Helping a hurting friend
Practical, godly advice for anyone supporting someone through a tough time.
At some time in our lives, we all experience situations where we are trying to help or comfort a friend, family member, or even a stranger. If you’ve never been confronted by the issues the person is going through, it can be particularly hard. You may feel out of your depth, clueless about what to do, or unsure how to show them Christ-like love and compassion. If that sounds like you, here are some suggestions that may help.
Start by listening
The Bible has lots to say about the value of listening. The books of James and Proverbs have tonnes of wisdom on it, and I recommend reading them if you want to learn more. Here are some verses that go straight to the point:
My dear brothers, take note of this. Everyone should be quick to listen, slow to speak, and slow to become angry. James 1:19.

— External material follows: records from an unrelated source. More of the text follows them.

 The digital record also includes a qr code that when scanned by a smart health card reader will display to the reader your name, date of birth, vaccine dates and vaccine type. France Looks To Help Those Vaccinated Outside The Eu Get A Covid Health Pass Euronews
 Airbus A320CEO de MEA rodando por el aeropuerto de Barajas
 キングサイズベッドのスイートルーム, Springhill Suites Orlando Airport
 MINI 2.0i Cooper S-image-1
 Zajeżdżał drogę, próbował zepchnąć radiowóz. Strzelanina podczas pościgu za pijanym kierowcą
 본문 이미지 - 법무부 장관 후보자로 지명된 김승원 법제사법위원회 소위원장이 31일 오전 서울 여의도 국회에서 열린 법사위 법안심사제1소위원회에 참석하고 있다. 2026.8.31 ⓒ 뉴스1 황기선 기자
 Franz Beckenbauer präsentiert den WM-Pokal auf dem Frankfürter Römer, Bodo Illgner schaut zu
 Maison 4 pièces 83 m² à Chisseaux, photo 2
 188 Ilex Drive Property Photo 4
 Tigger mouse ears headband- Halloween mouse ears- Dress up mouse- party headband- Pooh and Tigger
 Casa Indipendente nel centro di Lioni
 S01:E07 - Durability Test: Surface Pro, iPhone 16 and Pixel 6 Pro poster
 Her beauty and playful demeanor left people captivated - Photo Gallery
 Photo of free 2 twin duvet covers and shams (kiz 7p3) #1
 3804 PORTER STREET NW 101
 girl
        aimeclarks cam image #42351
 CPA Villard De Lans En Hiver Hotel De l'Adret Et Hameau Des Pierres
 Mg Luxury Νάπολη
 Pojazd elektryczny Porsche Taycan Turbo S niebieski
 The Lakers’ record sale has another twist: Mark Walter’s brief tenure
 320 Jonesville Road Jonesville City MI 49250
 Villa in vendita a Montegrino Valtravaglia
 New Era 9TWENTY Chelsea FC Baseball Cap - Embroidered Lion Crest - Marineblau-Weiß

He who answers before listening – that is his folly and his shame. Proverbs 18:13.
Listening to and engaging with what another person is saying is an important and wise thing to do. When a person is going through a hard time, this active form of listening is a great way to:
A) Show you care;
B) Work out what’s happening, and from that, work out how you can help best.
Be an active listener
What does active listening look like? Basically, it's about showing that you're interested in what the other person is saying. Some other features of active listening include:
- Keeping appropriate levels of eye contact.
- Facing the person and reacting appropriately to what they say, which shows them you’ve been paying attention to what has been said.
- Repeating back to someone what they have just told you (in your own words) to make sure you’re getting the meaning of what’s being said. This shows you have tried to understand what’s going on, and your friend can correct you if you’re wrong.
- Asking your friend exactly what they meant if you’re not sure about something that’s been said.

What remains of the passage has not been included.